PROGRAM YOUR_PROGRAM
  USE MOD_COROUTINE
  ...
  CALL COROUTINE_INIT()
  ...
  ! ANY THREAD INSIDE OR OUTSIDE PARALLEL REGION CAN ISSUE
  ! AT CONVIENENT PLACE
  CALL COROUTINE()
  ...
  CALL COROUTINE_FINI()
END PROGRAM YOUR_PROGRAM

The above will permit all threads to participate in any one of the threads advancing the COROUTINE with little overhead to those threads not advancing the state.

What the above does not do is return the CPU time for the suspended thread when suspension occurs for I/O.

You haven't completely described the requirements of your program. The suggestions made here do not take into consideration your entire programming requirements.

Jim Dempsey

Geiser__Georg · ‎12-13-2017

jimdempseyatthecove wrote:

Untied task are, well, untied aren't they?

Yes, you are right, untied means untied, but does untied also mean "migrating during task execution"? I had expected that migration only might take place at synchronization points. The OpenMP standard says (page 85, line 24f in v4.5):

If the untied clause is present on a task construct, any thread in the team can resume the task region after a suspension.

Here, I would expect that suspension is only due to taskyield. Or is there any other case where the task is suspendend and/or migrated?

The application is a CFD solver running on large compute clusters. This means heavy numbercrunching interrupted by MPI communication with remote nodes. So for me it is ok, if the cache gets flushed when an MPI message is pending for a long time, but the idle time can be used to do some different numbercrunching. Usually the computational domain is that large that the cache for a different compute kernel will be cold, maybe warm, but it is critical that it stays hot during kernel execution. Here, preemptive interruptions would certainly degrade performance. Most MPI libraries do not use progress threads by default also for that reason. We only use oversubscribed threads for really slow asynchronous file system I/O to keep the simulation running while a result file is written.

Since the code base is large, it is not easy to establish a multitasking system that offers dynamic load balancing in shared-memory.
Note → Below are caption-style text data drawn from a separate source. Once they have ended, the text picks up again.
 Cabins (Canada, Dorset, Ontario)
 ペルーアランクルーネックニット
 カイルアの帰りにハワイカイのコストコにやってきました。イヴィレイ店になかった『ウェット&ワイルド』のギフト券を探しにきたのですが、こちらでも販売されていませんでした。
Generally load balancing is not easy for CFD since the load balancer usually only accounts for equal shares of the fluid volume to be simulated, but some boundary conditions create large workloads and a lot of collective communication is required to compute integral data. Common hybrid parallelism using OpenMP worksharing for the loop nests usually suffers from too small workshares for modern manycore processors (false sharing might be a problem as well). Furthermore, many loop nests have to be adapted, more severe data races can occur, and there might be a lot of serial code outside the loop nests resulting in worse performance according to Amdahl's law.

You are definitely right that your proposed coroutines using a state-machine would be more efficient, but unfortunately it is impossible to rewrite the whole code in such a fashion. The code is C so I do not have modules like Fortran that would allow to encapsulate the coroutines' data. So, my idea was to put all functions into OpenMP tasks with correctly set dependencies. These functions could even generate more tasks, if their workload is too high. Assigning sub-teams is difficult since I would have to estimate on the number of threads to assign to a task. I think the taskloop construct could help to distribute the most expensive loop nests even though the overhead compared to standard loop worksharing is probably higher. If communication is required, it will be issued in a non-blocking way and the synchronization point does not call an MPI_Wait(), but an MPI_Test() and a subsequent taskyield until the communication is completed. Meanwhile, a different function can be executed and the task scheduler can reenter the function later on. Inside a NUMA domain this approach should be able to dynamically process the tasks that are ready to be executed, hopefully resulting in less idle time.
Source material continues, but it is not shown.